А меня как дубиной треснуло.

Никогда не думал, что я такой тупица. И что Агнешка…

* * *

Надо собираться. Отцу не скажу, матери не скажу. Уже порезал простыни на лестницу. Придавлю камнями — авось не сорвется. Главное, чтобы этот механизм не пострадал от бомбежек. Чтоб закрылось, когда эти свиньи наступят с той стороны.

Шансов, правдо, мало. Ноль.

Надо бы составить список, что с собой. Спокойно, хладнокровно. Дьявол, оружия никакого нет…

Все, хватит карякать. Каждая секунда на счету.

(здесь дневник Подсолнуха обрывается)

 

Приложение:

Возмутительное происшествие на Млынарской

Статья из городской газеты «Голос народа» за 28 декабря 1940 года.
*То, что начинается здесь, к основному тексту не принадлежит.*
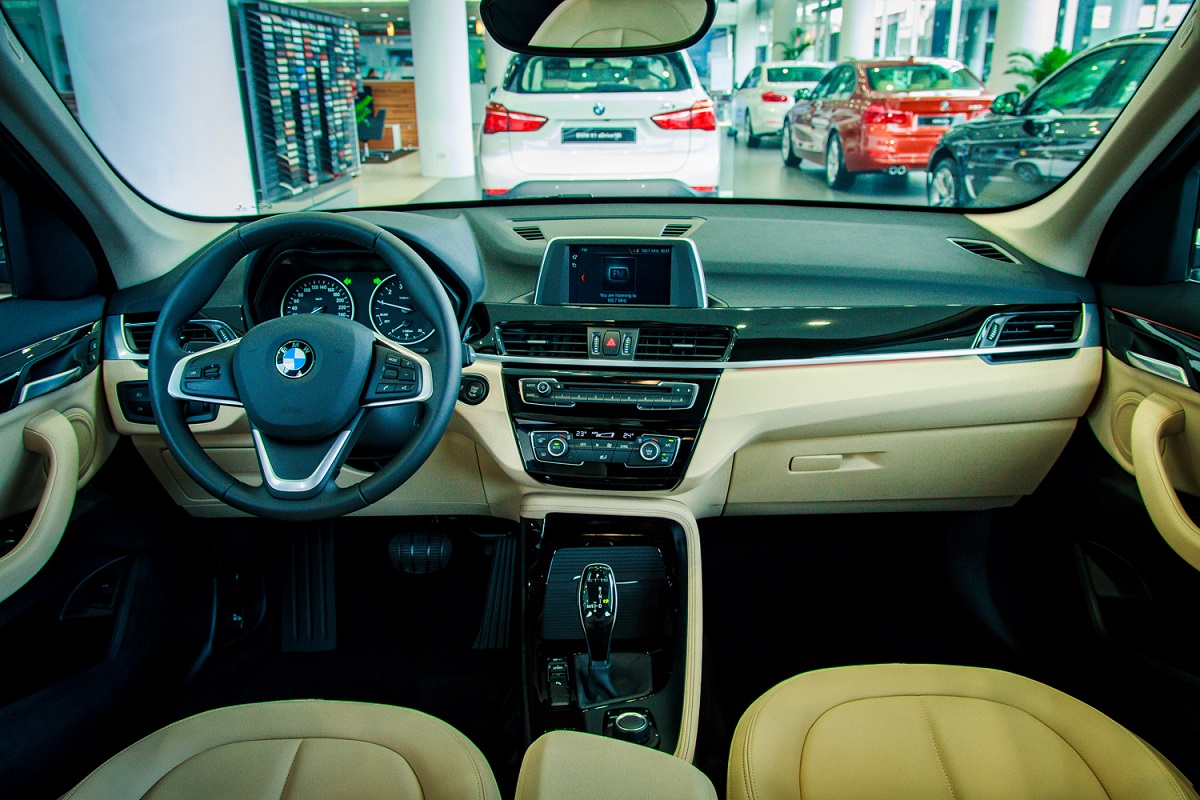 Đánh giá xe BMW X1 2019 về nội thất.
Вчера, на второй день Рождества Христова, когда все католики радуются великим праздникам и прощают друг другу все грехи, на улице Млынарской около 10 часов пополудни случилось возмутительное происшествие. Вахмистр Макс Хунд был оглушен в собственном саду, и бесчувственное тело его было сброшено в уборную. Только чудом верный воин рейха избежал гибели. Всякому, кто знает что-либо о злоумышленниках, посягнувших на христианскую мораль и власть рейха, следует немедленно обратиться в комендатуру. В ответ на это преступление будут повешены 5 диверсантов, задержанных накануне. Казнь состоится сегодня, в 16.00, у здания комендатуры.

 

Робинзоны с Мазурских болот

Статья из повятовой газеты «Народный голос» за 18 апреля 1947 года; перепечатывалась также в некоторых столичных изданиях.

16 апреля группа охотников (паны Тольба, Збражевский, Пшеславский и Гнысь), охотившихся на вальдшнепов в Мазурских болотах, сделала необычное открытие.

Подобравшись к труднодоступному берегу одного из озер в 12-ти километрах южнее С., охотники обнаружили неизвестный остров. Переплыв туда, они нашли на острове жилище, и в нем — мужчину и девушку. Они были больны и лежали в забытьи.

Когда охотники привели их в себя, «робинзоны» сильно испугались и хотели скрыться, но у них не хватило сил. Вначале охотники подумали, что перед ними — гитлеровцы или коллаборационисты, которые скрываются от народного гнева, и хотели застрелить их. Но услышав, как мужчина кричит девушке «беги, они отведут тебя в гестапо», охотники поняли, что ошиблись.

Когда недоразумение разъяснилось, они выяснили, что «робинзоны» не знают о том, что война окончена. Великие сражения, гремевшие неподалеку, они восприняли, как каратальные акции Германии. Они не отличали немецкие самолеты от советских. Последний год войны они не покидали своего убежища. По окончанию сражений мужчина делал вылазки в С. и соседние хутора за провиантом и одеждой. Кормились они в основном охотой и рыбалкой. Ни оккупанты, ни 238-я стрелковая дивизия генерал-майора Красноштанова, ни партизаны не обнаружили острова «робинзонов» — настолько он был труднодоступен.

«Робинзоны» не верили охотникам и думали, что их слова — некое изощренное коварство, имеющее целью выманить их с острова. Мужчина был вооружен винтовкой и все время держал ее в руках. Наконец, охотникам удалось убедить их, что перед ними — не враги, а друзья. Видя, что «робинзоны» больны, охотники стали настаивать, чтобы те немедленно отправились с ними в больницу, но «робинзоны» отказывались. Девушка при этом повторяла «я не покину остров, где лежат мои дети». Однако силы быстро покинули «робинзонов», и те не смогли противиться охотникам, переправившим их на берег, а оттуда — в С.

В настоящее время «робинзоны» находятся в С-ой больнице. Они больны пневмонией, их состояние оценивается как умеренно тяжелое. По их просьбе имена не оглашаются. Много ли еще подобных «робинзонов», раскиданных по лесам и болотам Мазурского края, скрывается от давно поверженного врага? Эти осколки недавней войны напоминают нам, как боевой сигнал, о том, что… (концовка статьи менялась в зависимости от места и времени публикации).